Limitations to the robustness of binormal ROC curves: effects of model misspecification and location of decision thresholds on bias, precision, size and power.

作者信息

Walsh S J

机构信息

Department of Community Medicine, School of Medicine, University of Connecticut Health Center, Farmington 06030-1910, USA.

出版信息

Stat Med. 1997 Mar 30;16(6):669-79. doi: 10.1002/(sici)1097-0258(19970330)16:6<669::aid-sim489>3.0.co;2-q.

Abstract

This paper concerns robustness of the binormal assumption for inferences that pertain to the area under an ROC curve. I applied the binormal model to rating method data sets sampled from bilogistic curves and observed small biases in area estimates. Bias increased as the range of decision thresholds decreased. The variance of area estimates also increased as the range of decision thresholds decreased. Together, minor bias and inflated variance substantially altered the size and power of statistical tests that compared areas under bilogistic ROC curves. I repeated the simulations by applying the binormal assumption to data sampled from binormal curves. Biases in area estimates were minimal for the binormal data, but the variance of area estimates was again higher when the range of decision thresholds was narrow. The size of tests that compared areas did not vary from the chosen significance level.
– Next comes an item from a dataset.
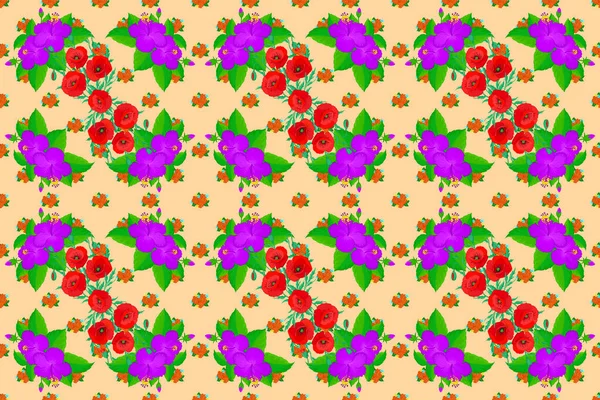 手描きの花の要素を持つ抽象的なシームレスラスターパターン ベージュ地にハイビスカスの花のシルクスカーフ 秋の色 レトロなテキスタイルデザインコレクション 1950年代から1960年代のモチーフ — ストック写真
Power fell, however, when the variance of area estimates was inflated. I conclude that inferences derived from the binormal assumption are sensitive to model misspecification and to the location of decision thresholds. A narrow span of decision thresholds increases the variability of area estimates and reduces the power of area comparisons. Model misspecification produces bias that alters test size and can exaggerate the loss of power that accompanies increased variability.

摘要

本文关注的是与ROC曲线下面积相关推断的双正态假设的稳健性。我将双正态模型应用于从双逻辑斯蒂曲线采样的评分方法数据集,并观察到面积估计存在小偏差。随着决策阈值范围的减小,偏差增大。面积估计的方差也随着决策阈值范围的减小而增大。小偏差和膨胀的方差共同显著改变了比较双逻辑斯蒂ROC曲线下面积的统计检验的大小和功效。我通过将双正态假设应用于从双正态曲线采样的数据来重复模拟。对于双正态数据,面积估计的偏差最小,但当决策阈值范围较窄时,面积估计的方差再次更高。比较面积的检验大小与选定的显著性水平没有差异。然而,当面积估计的方差膨胀时,功效会下降。我得出结论,从双正态假设得出的推断对模型误设和决策阈值的位置敏感。决策阈值范围较窄会增加面积估计的变异性,并降低面积比较的功效。模型误设会产生偏差,改变检验大小,并可能夸大随着变异性增加而伴随的功效损失。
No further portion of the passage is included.